Spuntava il dì settimo di Aprile: e i deputati di Bergamo, di Cremona, di Brescia, di Mantova, di Ferrara, e delle quattro borgate milanesi celatamente convennero alle porte del Monastero di Pontida. Vennero intromessi ne’ solinghi claustri; e mentre supplicavano a Dio i salmeggianti monaci, perchè della tribolata patria si ricordasse, quelli pietosamente si accostavano ai supremi consigli2.

Primi i deputati Milanesi tolsero a dire, forse lagrimando, come ad ogni altro pensiero dovesse andare innanzi quello di Milano; pensassero, questa non essere più, e gli sperperati cittadini non aver mura che li proteggessero; e così gli inermi rimarrebbero segnale alla tedesca rabbia, e la Lega perderebbe in sul primo annodarsi un fortissimo sostegno; ponessero il partito di rilevare innanzi ogni altra cosa le mura della città loro; rilevassero quel santo propugnacolo della Lombarda libertà, vi tornassero i raminghi cittadini, perchè nella faticosa redenzione della patria, gli occhi ed i cuori de’ collegati, trovassero su le sue mura il conforto delle memorie. Commossi i deputati dalle pietose ragioni, e dal quanto avesse meritato bene del comune paese quella Repubblica colle durate guerre tedesche, promisero condurre le loro città nel partito di aiutarli a rilevare Milano, ed a riporli in quella loro carissima sede.

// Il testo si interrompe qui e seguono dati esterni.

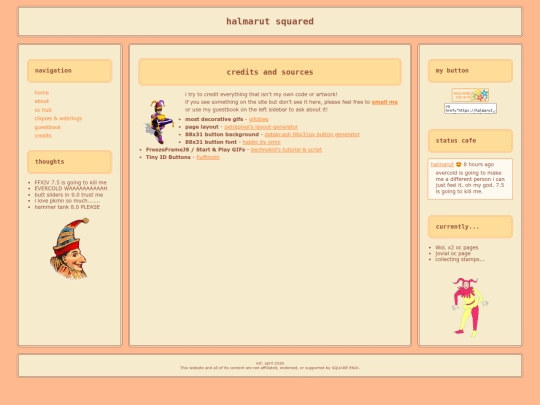 credits screenshot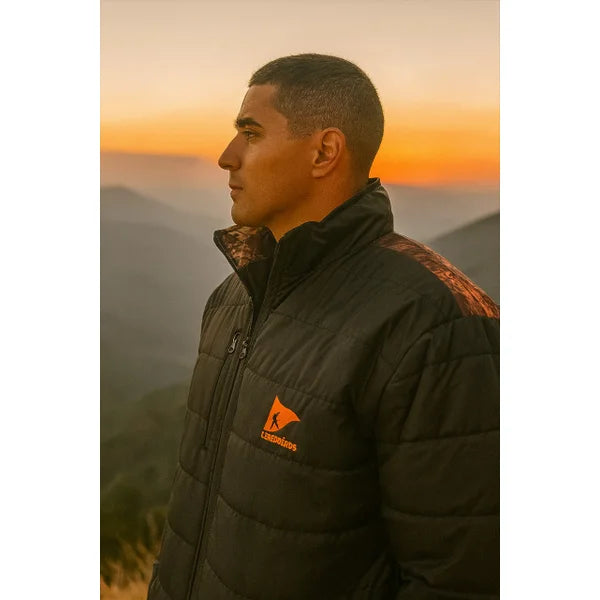 Jaqueta Puffer Legendários - Preta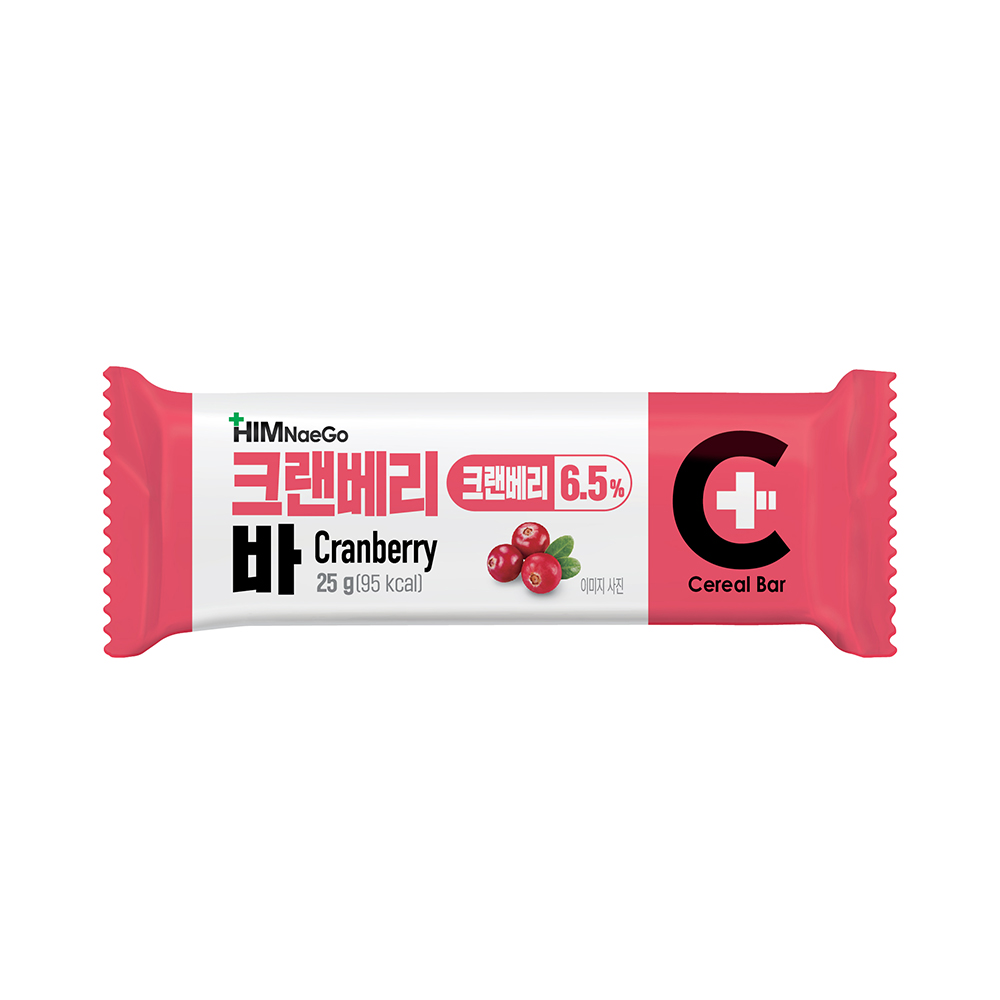 힘내고 크랜베리바 300g (25gx12개입)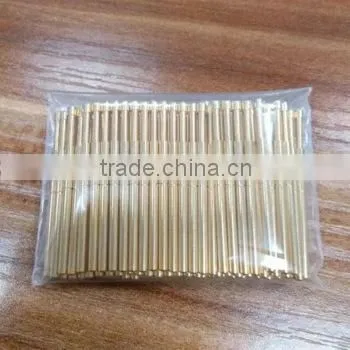 Good Quality and Best Price,pcb Brass Plug Contact Test Pogo Pin photo-5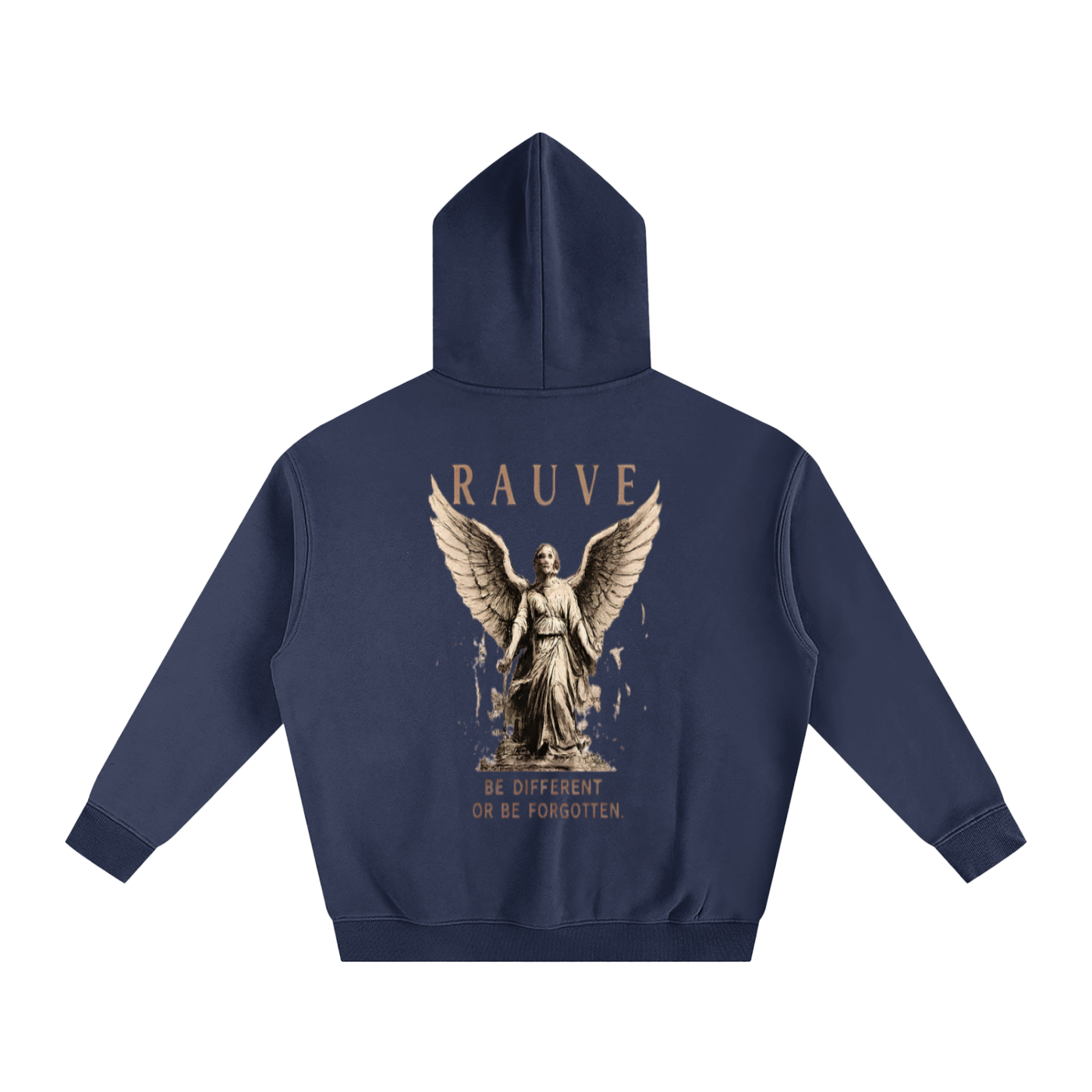 Oversize Fleeced Hoodie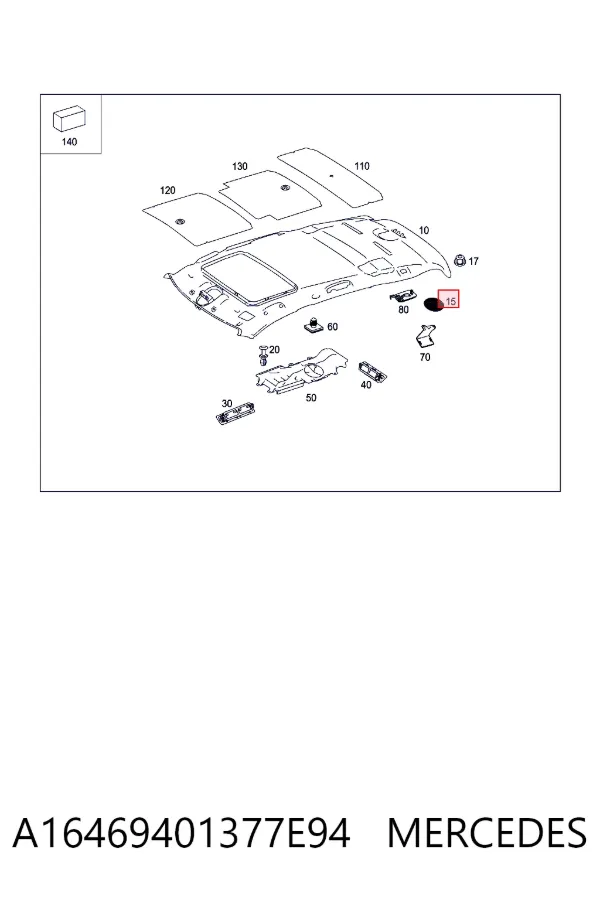  A16469401377E94 Mercedes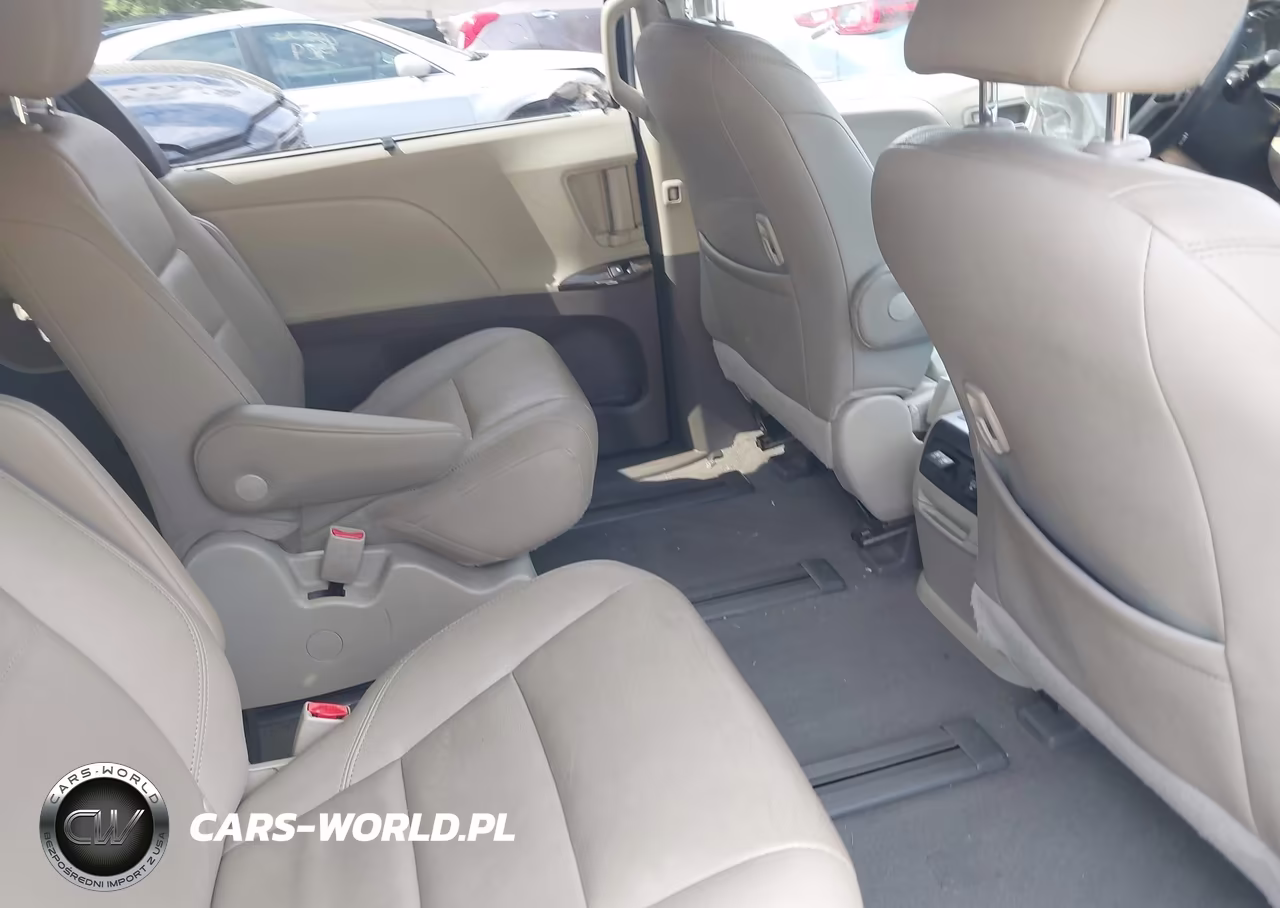 2020 Toyota Sienna Xle VIN:5TDDZ3DC3LS240481 - 8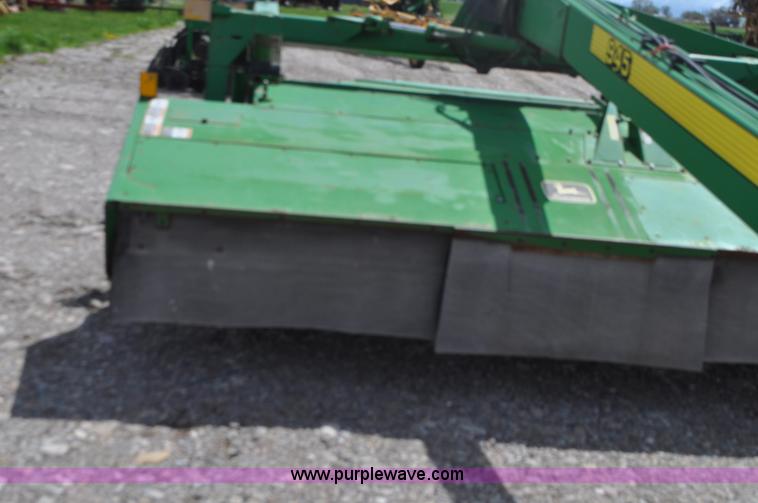 image for item G7353 John Deere 945 mower conditioner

Entrarono poi nella deliberazione del gran negozio della Lega; e come vollero benigni i Cieli, con concordissime sentenze statuirono «Stringersi le città Lombarde in una sacra federazione per venti anni, a rivendicare e tutelare i loro privilegi goduti dal tempo di Arrigo IV fino all’assunzione di Federigo al trono; tutte obbligarsi con

  1. Otto More. 1153 — Trista. Calchi. Histo: Patri. L. XI. p. 268.
  2. Sigon. De Regno Ital. lib. XIV p. 778.